• [What is expected] Your answer must be the full listing below, restated word for word, with no pictures in it.

• [Supplied material]
+ + + + +

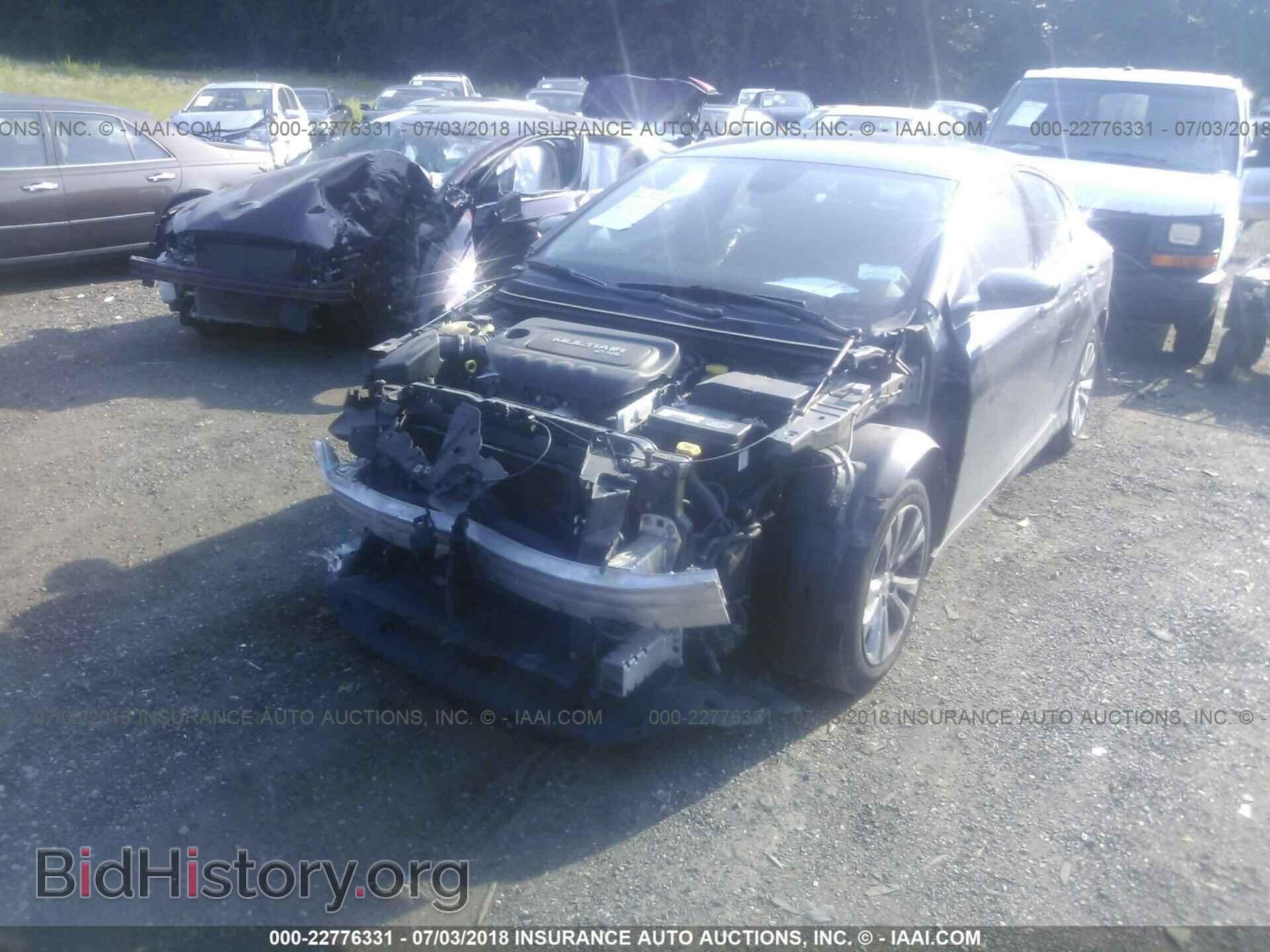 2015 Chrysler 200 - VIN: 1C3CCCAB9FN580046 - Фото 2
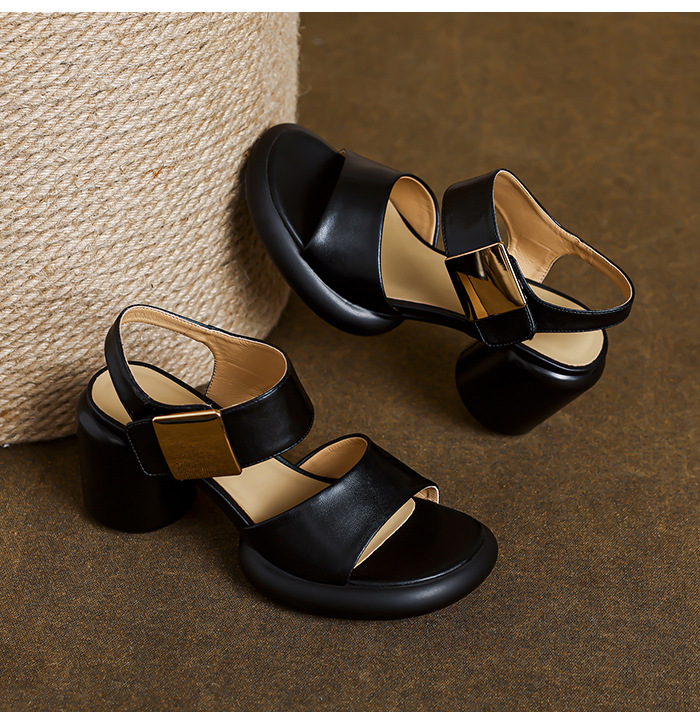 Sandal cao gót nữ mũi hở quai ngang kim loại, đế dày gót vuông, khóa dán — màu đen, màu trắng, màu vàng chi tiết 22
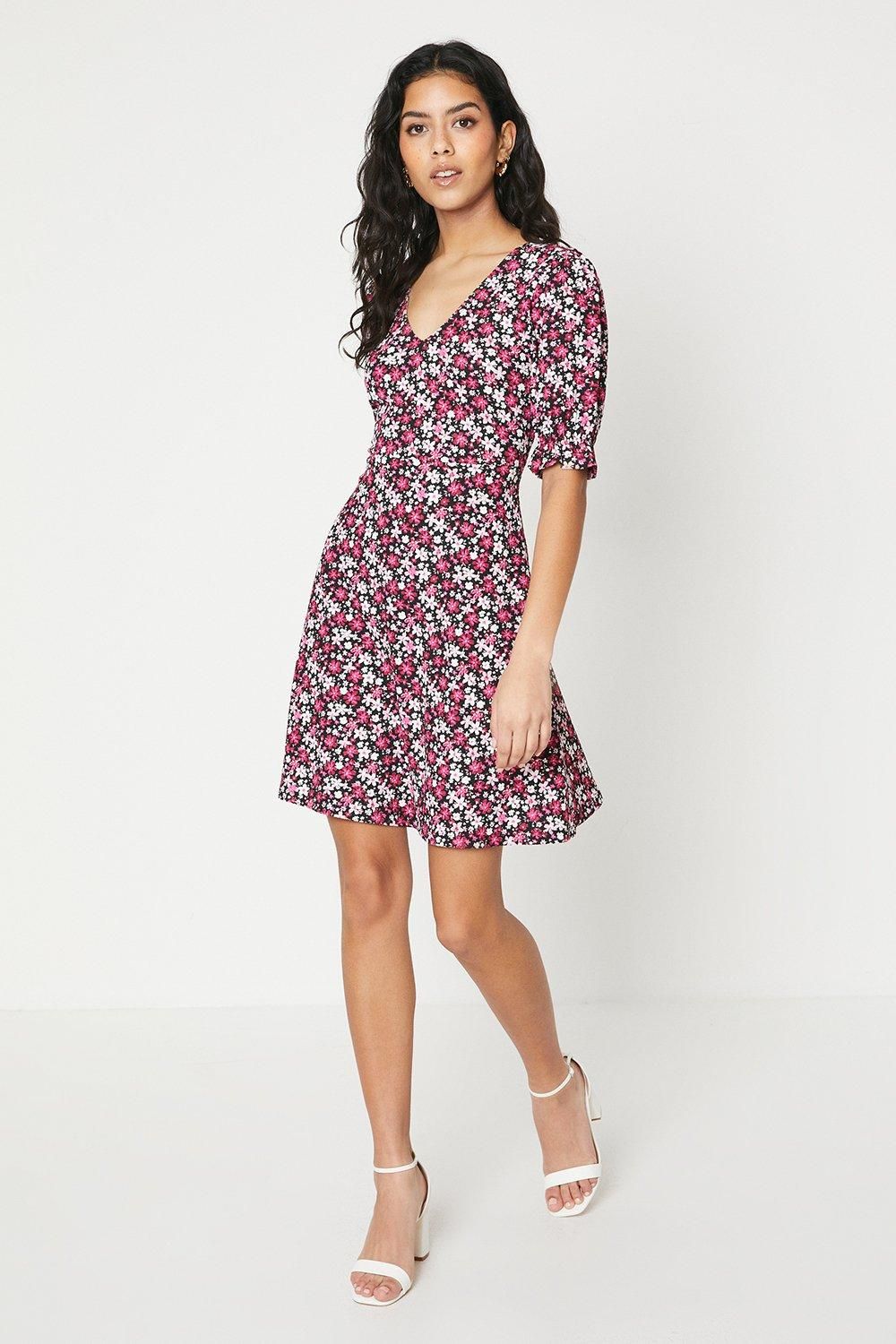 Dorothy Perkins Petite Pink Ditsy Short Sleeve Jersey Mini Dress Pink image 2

+ + + + +

• [Your solution]
 2015 Chrysler 200 - VIN: 1C3CCCAB9FN580046 - Фото 2
 Sandal cao gót nữ mũi hở quai ngang kim loại, đế dày gót vuông, khóa dán — màu đen, màu trắng, màu vàng chi tiết 22
 Dorothy Perkins Petite Pink Ditsy Short Sleeve Jersey Mini Dress Pink image 2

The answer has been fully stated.